To explore intervention opportunities for prevention and treatment of melanoma, I have conducted in-depth research on the initiation and development of melanoma in recent years,  and have achieved a series of research accomplishments with important academic value and clinical translational potential. So far, I have published a total of 19 professional academic papers in research fields of signal transduction and melanoma biology, of which 6 were published as the first (including co-first) author in internationally renowned journals such as Cell, Nature, and Nature Communications.

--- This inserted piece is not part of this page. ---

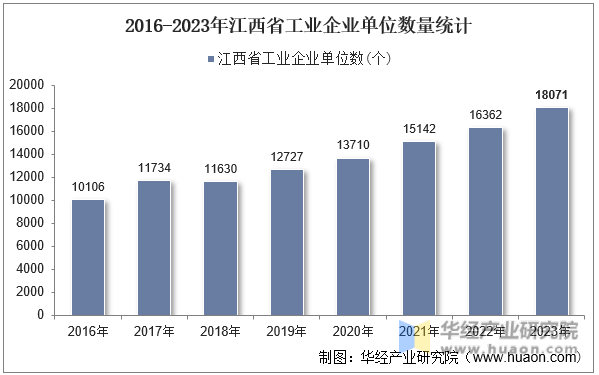 2016-2023年江西省工业企业单位数量统计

We explained the molecular mechanism of the G protein-coupled receptor MC1R being palmitoylated to suppress the occurrence of melanoma, and developed a pharmaceutical method to prevent the occurrence of melanoma (Nature, 2017). We also revealed serine/threonine kinase STK19 promotes the molecular mechanism of melanoma development through phosphorylation of NRAS, and developed a novel specific small molecule inhibitor that significantly inhibits the development of melanoma (Cell, 2019). I have applied for one U.S. patent and obtained two Chinese patent authorizations. Based on my previous research, I have won the Bristol-Myers Squibb Oncology Scholar-in-Training Award issued by the American Association for Cancer Research (AACR) in 2016, and received a research funding from the National Institutes of Health (NIH) as the sole principal investigator (PI) in 2020 as the K99/R00 NIH Pathway to Independence Award.

Selected Publications

Yin, C*; Zhu, B*; Zhang, T*; Liu, T*; Chen, S; Liu, Y; Li, X; Miao, X; Li, S; et al. Pharmacological targeting of STK19 inhibits oncogenic NRAS-driven melanomagenesis. Cell, 2019 Feb 21; 176(5):1113-1127.

Chen, S*; Zhu, B*; Yin, C*; Liu, W; Han, C; Chen, B; Liu, T; Li, X; Chen, X; Li, C; et al. Palmitoylation-dependent activation of MC1R prevents melanomagenesis. Nature, 2017 Sep 21; 549(7672):399-403. (*Co-first author)

Zhu, B*; Chen, S*; Wang, H*; Yin, C*; Han, C*; Peng, C; Liu, Z; Wan, L; et al. The protective role of DOT1L in UV-induced melanomagenesis. Nature Communications, 2018 Jan 17; 9(1):259. (*Co-first author)

Zhu, B*; Tang, L*; Chen, S*; Yin, C*; Peng, S; Li, X; Liu, T; Liu, W; Han, C; et al. Targeting the upstream transcriptional activator of PD-L1 as an alternative strategy in melanoma therapy.Oncogene, 2018 Sep; 37(36):4941-4954. (*Co-first author)

Chen, S; Han, C; Miao, X; Li, X; Yin, C; Zou, J; Liu, M; Li, S; Stawski, L; Zhu, B; et al. Targeting MC1R depalmitoylation to prevent melanomagenesis in redheads. Nature Communications, 2019 Feb 20; 10(1):877.